A few days ago, I commented in another thread about using a soldering gun for demagnetizing tools, parts, etc.  For a long time, I have used 10AWG copper wire for making my own soldering tips.  At one point, I reshaped one of the tips into a circle and it worked very well for demagnetizing screw drivers and small wrenches. The problem was the loop was only 1-1/2" in diameter which prevented use on larger items.

You can't just make the loop larger as that adds length to the circuit which adds resistance, lowering the current to the point where it is no longer effective.  The magnetic flux is proportional to the number of turns, n, times the current.  In my case, there was one turn and about 310 amps, as measured with my ac clamp-on ammeter.  This was for a total loop length of about 5".  The current is determined by the voltage of the soldering gun, about .13 volts, and the resistance of the wire, about .4 milliohms @ 20ºC.  If I doubled the diameter of the loop, I would double the length of wire required which would halve the current and the magnetic flux.  Clearly, I wouldn't be able to make a larger loop using 10 AWG wire.

However, if I used a heavier gauge wire, its resistance per foot would be lower, allowing me to use a longer length while still maintaining the desired current.  I had a length of 6AWG wire which has a resistance of about .4 milliohms per foot.  14" of this wire would give me a loop with and inside diameter slightly more than 4" with a resistanc comparable to my original loop.

A started by making adapeters for my soldering gun.  The OEM tips were secured with 5/16-24 nuts.  I happened to have a brass hex standoff, 3/8" across the flats and with tthe ends threaded for 10-32 screws.
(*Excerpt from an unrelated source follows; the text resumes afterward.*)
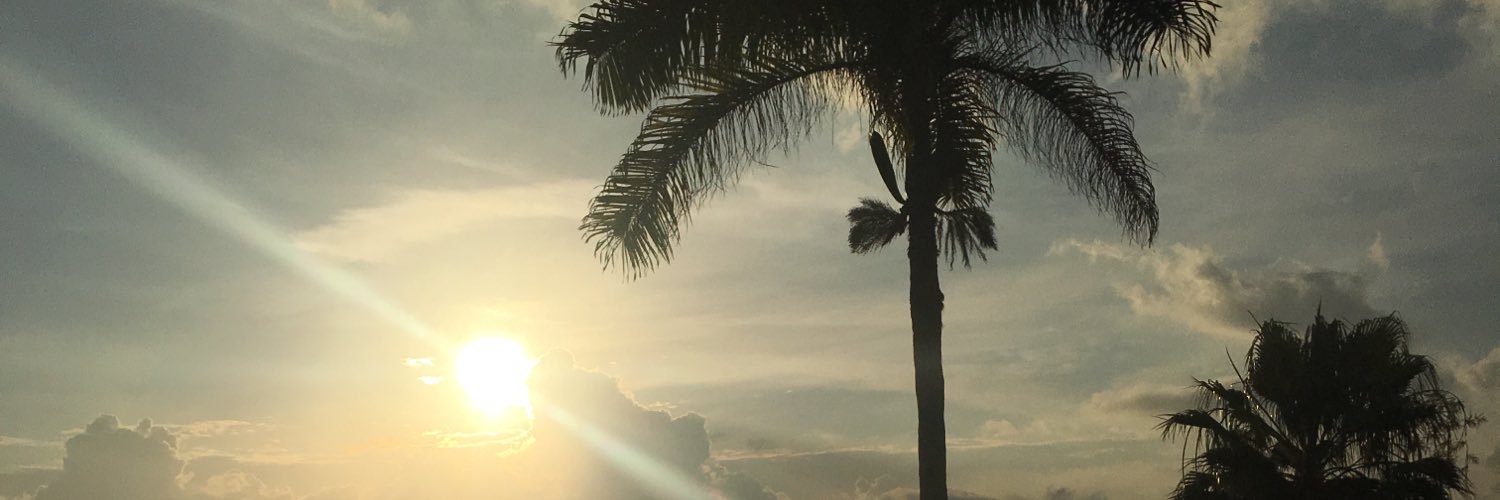DebraLGawet's profile banner image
I cut off about 1-1/8" from each end, faced the ends, and turned about 1/2" to .312".  Then I threaded the ends for 5/16-24.  To prepare the wire, I heated with a torch to anneal it and straightened it.  Then I flattened about 1/2" on each end and prick punched the ends about 1/4" from the end, flipped over and repeated on the back side.  I used a nail set to expand the holes to fit 10-32 hardware.  I pinched rather than drilled the holes because punching displaces the metal rather than removing it giving me more meat on the sides of the hole.  I also annealed the copper during and after working to prevent tress cracking. Finally, I bent the wire at a 90º angle about 3/4" from the ends and bent the wire into a loop about 4" in diameter.
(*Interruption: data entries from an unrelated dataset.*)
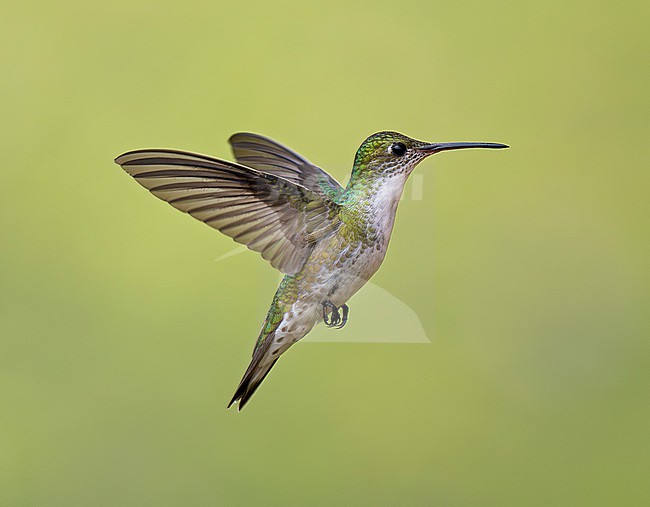 White-bellied Hummingbird (Elliotomyia chionogaster chionogaster) in flight, hovering, with plain background stock-image by Agami/Andy & Gill Swash ,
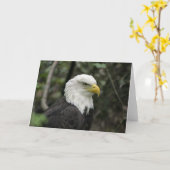 Carte IMG_0673-eagle_5x7 (Fleur jaune)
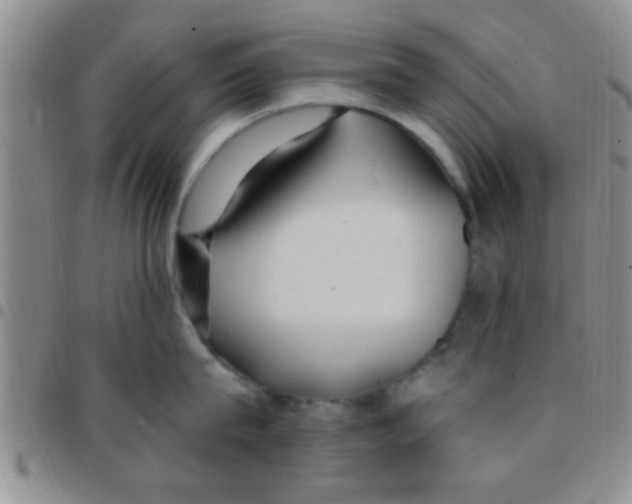 X0000097510815200803142039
Assembly consisted of removing the OEM tip and screwing in the two adapters, and attaching the loop with two 10-32 x 3/8" screws.  I decided that I wanted the planeof the loop parallel to the plane through the center of the soldering gun and did that while assembled.

The current through the loop was measured at more than300 amps.  This was somewhat more than anticipated.  Copper has a fairly large temperature coefficient with the resistance doubling with a 200ºC temperature increase.  The much larger mass and volume of the heavier wire resulted in cooler operation and a higher current.  After about a minute of operation, the temperature of the wire had risen enough to drop the current to about 270 amps.
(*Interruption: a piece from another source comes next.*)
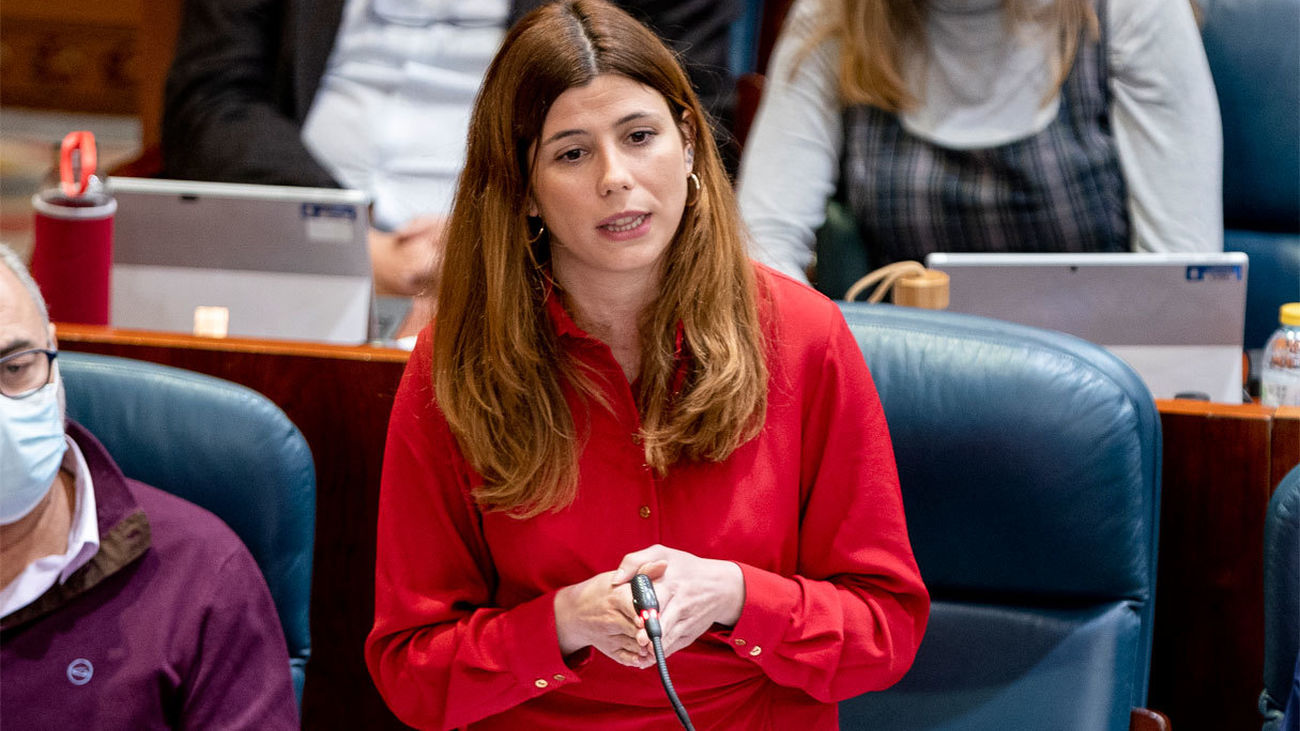 La diputada de Más Madrid en la Asamblea de Madrid, Loreto Arenillas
To test the effectiveness of the demagnetizer, I magnetized a large screwdriver and was able to pick up a 70 gram bolt.  After passing through the demagnetizer, it could only pick up a 75 mg. washer, about 1/1000 the magnetic force.  The loop is large enough for me to demagnetize my 1-2-3 blocks and V blocks and to demagnetize my calipers.  

While I made a round loop, the loop could have any desired geometry.  A rectangular loop could be used instead.  While the loop doesn't get as hot as the soldering tip, it does get too hot to toouch.  This could be lessened by doubling or tripling the number of turns , keeping the same loop diameter. The current will be half or one third, respectively and the resultant power dissipated half or one third. In the case of multiple loops, the wires will have to be prevented from shorting  by insulation or an air gap.


----------



## brino (Jan 24, 2018)

Bob,

That looks very useful.
Thanks for sharing this!

-brino


----------



## Fabrickator (Jan 25, 2018)

Very cool RJ, that could come in handy.  I have a small table type demag'r I use when something starts picking up iron dust.


----------



## chips&more (Jan 25, 2018)

That’s another good use for those old Flash Gordon looking move props! Just kidding. I also have one of those soldering guns. Don’t use it for its purpose though. I also modified the business end so I can clamp down on small parts enabling me to heat up the parts to anneal them. But have been seriously looking at the Induction Heater idea lately. You can get started with the idea with parts from overseas with basically lunch money…Dave


----------



## Uglydog (Mar 20, 2018)

RJ,
I'm just now finding your post.
No bench top space consumed. Evidently it works. Demag was once again an issue this week. And I already have a soldering iron like this.
So... 14inches of 6AWG and a loop with an inside diameter slightly more than 4", and fabrication of the associated mounting hardware.
Any other implementation suggestions or updates to your post?
Huge thanks.

Daryl
MN


----------



## Bob Korves (Mar 20, 2018)

I have used my Weller soldering gun as it is for doing small screwdrivers and the like that can fit in the narrow opening.  It works fine.  Now I have a demagnetizer with a table about 8 x12", and I still use the Weller for the little stuff.


----------